We are thinking about something like this.
Time: 2023-01-20 11:21:31 Name: Function_1 Arguments: [1/2] 5 [2/2] text Software: Magic Library v1.2.3 Device: Main Server
Now, this kind of log file does have a bit more structure, the problem is that this is still usually not a good fit for a parsing library. That is because the structure is often context-sensitive. For example, the lines containing the arguments can vary depending on the number of arguments the function has.
For Once ANTLR Is Not A Good Option
A modern parsing tool like ANTLR can handle context-sensitive input, but it is not a good fit: it would require some complications in the grammar and it is probably overkill.
So, for once we might say that ANTLR is not the solution to your problems. Does this mean that you are forced to use regular expressions?
Well, no. Putting together a bunch of regular expressions is still too brittle and unmaintainable code. The problem is not in the power of regular expressions, but that they do not provide any organization to your code. Actually, I am going on record saying that even a single regular expression can be hard to maintain because of readability issues. If you disagree with me I suggest you read the regex to parse an email address.
A tool like ANTLR requires you to write a grammar describing the language in its own format. Parser combinator libraries instead allow you to create a parser directly with code in your favorite language. You build a parser by combining different pattern matching functions, that are equivalent to grammar rules.
They are integrated in your normal workflow and take full advantage of your IDE’s functionality. They are a good fit for this use case because they work well with context-sensitive parsing. It is quite easy to pick a parsing combinator depending on the code you are reading. For example, imagine you are trying to parse this piece of our previous custom log example.
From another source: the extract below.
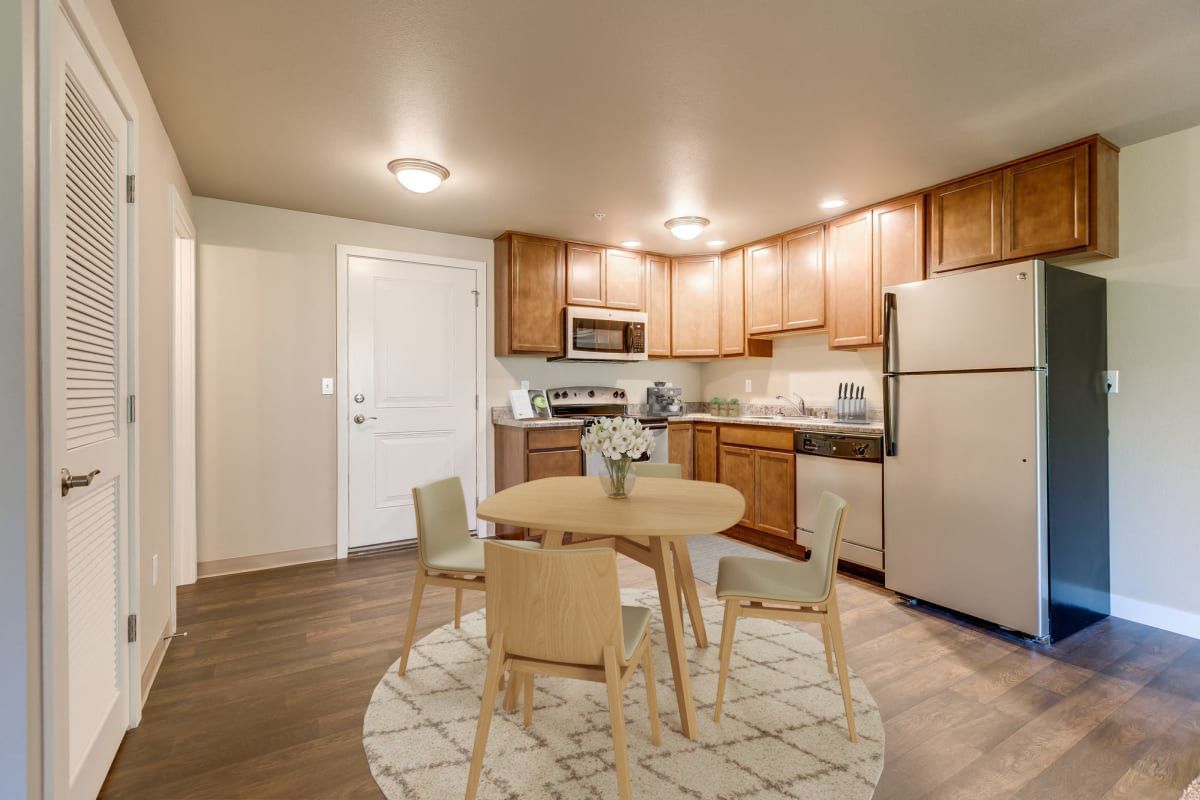 a kitchen with a table and chairs and a refrigerator .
Arguments: [1/2] 5 [2/2] text Software: Magic Library v1.2.3
It is very easy to read the first line with an argument and then decide whether to parse the next line as an argument or as the Software line depending on the numbers between the square brackets.
With Sprache, you could create something like this parsing rule.
public static Parser<Argument> Argument = from start in Parse.Char('[') from index in Parse.Digit.AtLeastOnce().Text() from separator in Parse.Char('/') from total in Parse.Digit.AtLeastOnce().Text() from end in Parse.Char(']') from value in Parse.LetterOrDigit.Or(Parse.WhiteSpace).Many().Text() select new Argument(int.Parse(index), int.Parse(total), value);
Then, you would just need to compare the value of
Argument.Total to understand whether to parse the next line as an argument or as a software line.
In this article, we have analyzed the issues in parsing log files. On one hand, they are too simple to make good use of parsing tools, so you get the overhead without the advantages. On the other hand, there are often already powerful services that can handle log files and support the needs of system administrators.
You might need to build your own parser for log files when you have a custom format for an application and need to extract some data from it. We have seen how this can be a great use case for using parsing combinators. Using one of them you can probably parse any log file with readable and efficient rules.